## TASK DESCRIPTION:
The copy you return must match the listing word for word and carry no pictures.

BEGIN DATA PROVIDED

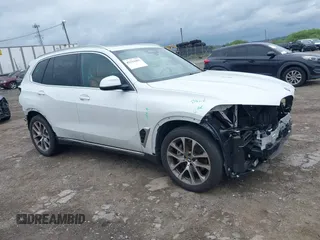 2024 BMW X5 xDrive40i with VIN 5UX23EU0XR9T63789, listed as a IAAI auction lot 42324467 with 25,057 mi miles and . Bid and sale history available at DreamBid. Image 1.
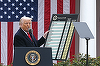 Trump compară tarifele globale cu administrarea de medicamente: "Nu vreau să se prăbuşească nimic, dar uneori trebuie să iei medicamente pentru a remedia ceva"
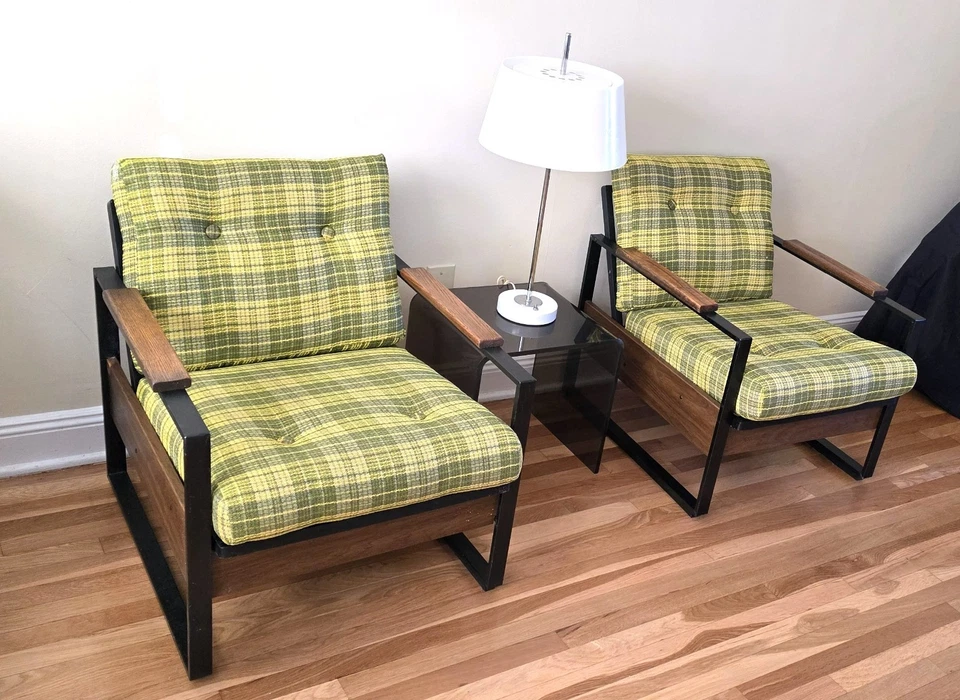 JUEGO RARO DE DOS SILLAS CON MARCO DE HIERRO DE SALÓN VINTAGE AÑOS 80 TAPICERÍA ORIGINAL-LIMPIO Foto 3 de 4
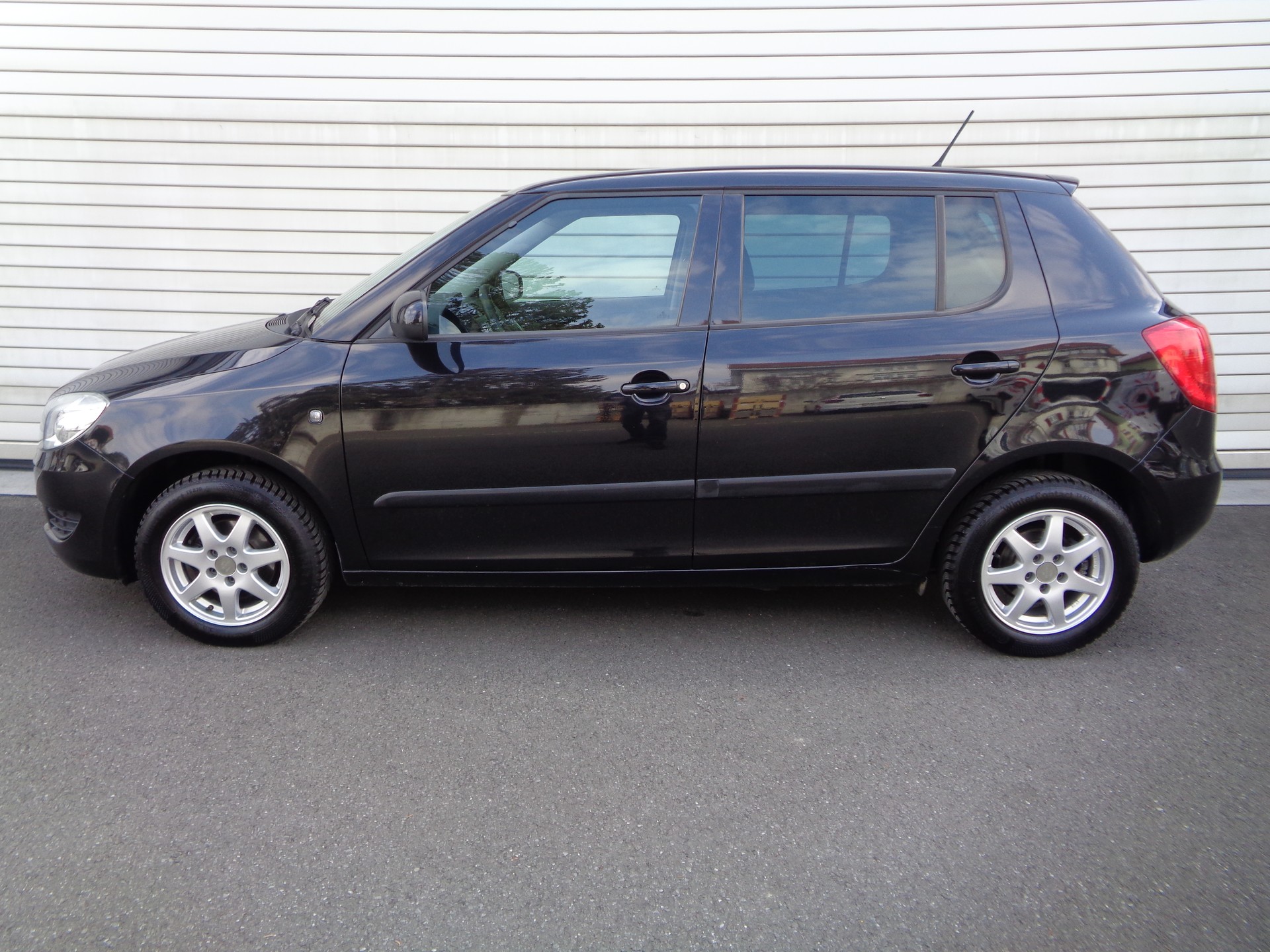 SKODA Fabia 1.2 TSI Ambition-image-4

END DATA PROVIDED

## EXERCISE SOLUTION:
 2024 BMW X5 xDrive40i with VIN 5UX23EU0XR9T63789, listed as a IAAI auction lot 42324467 with 25,057 mi miles and . Bid and sale history available at DreamBid. Image 1.
 Trump compară tarifele globale cu administrarea de medicamente: "Nu vreau să se prăbuşească nimic, dar uneori trebuie să iei medicamente pentru a remedia ceva"
 JUEGO RARO DE DOS SILLAS CON MARCO DE HIERRO DE SALÓN VINTAGE AÑOS 80 TAPICERÍA ORIGINAL-LIMPIO Foto 3 de 4
 SKODA Fabia 1.2 TSI Ambition-image-4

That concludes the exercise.